Saturday, April 24, 2010

Mix Your Music With No Set of Rules.

When I was attending school at the Recording Institute of Detroit, I was taught when mixing that you should start with the kick drum first then move to the bass and so on. After working on mixes and conversing with other veteran recording engineers I found out that although it might be the easiest way it is not the best way.

TIP: Never assume the way you were taught or the way you taught yourself to mix is always the best way. Each project should be mixed according to it's individual needs. 

What a recording engineer should do is think about what the vocal point of the song is and start with that. If the vocal point of the song is the vocals then you should start with that. If the song is more geared around the lead guitar then you should start with that.

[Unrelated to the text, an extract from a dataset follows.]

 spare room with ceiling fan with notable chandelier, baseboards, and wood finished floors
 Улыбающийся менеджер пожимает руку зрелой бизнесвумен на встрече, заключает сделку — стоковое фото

Now a lot of people may say that if that is the case then you would probably start with the vocals all the time, but this is not necessarily always the truth. A perfect example of this would be rap or hip hop music in the last five or ten years. The cleverness of the lyrics from song to song have really diminished. In fact, in some cases fresh new lyrics have almost disappeared all together. If the lyrics in a song are just not that explosive, there not going to be the main thing that is going to make the song sell. There could be cases where the courses or the hook of the song along with the baseline is what sells, and the verses, well, just aren't that much to talk about. Mix the explosive hook and baseline line out front, it's what you want the people to hear, then when the verses come along focus on maybe making the groove something that is more of the focus point. It's can be difficult but it's possible.

If you know the artist well enough, you might be able to make some suggestion like shortening up the verses or changing them. But, in any event the ideal hear is to make it sound good all the way through the song, especially if your name will go on it as the engineer. 

Other cases like mixing progressive rock/metal or techno, you might find yourself in the same situation. You might have to listen to the whole song and throughout the song you may need to mix differently depending on what you want the audience to be focused on the most.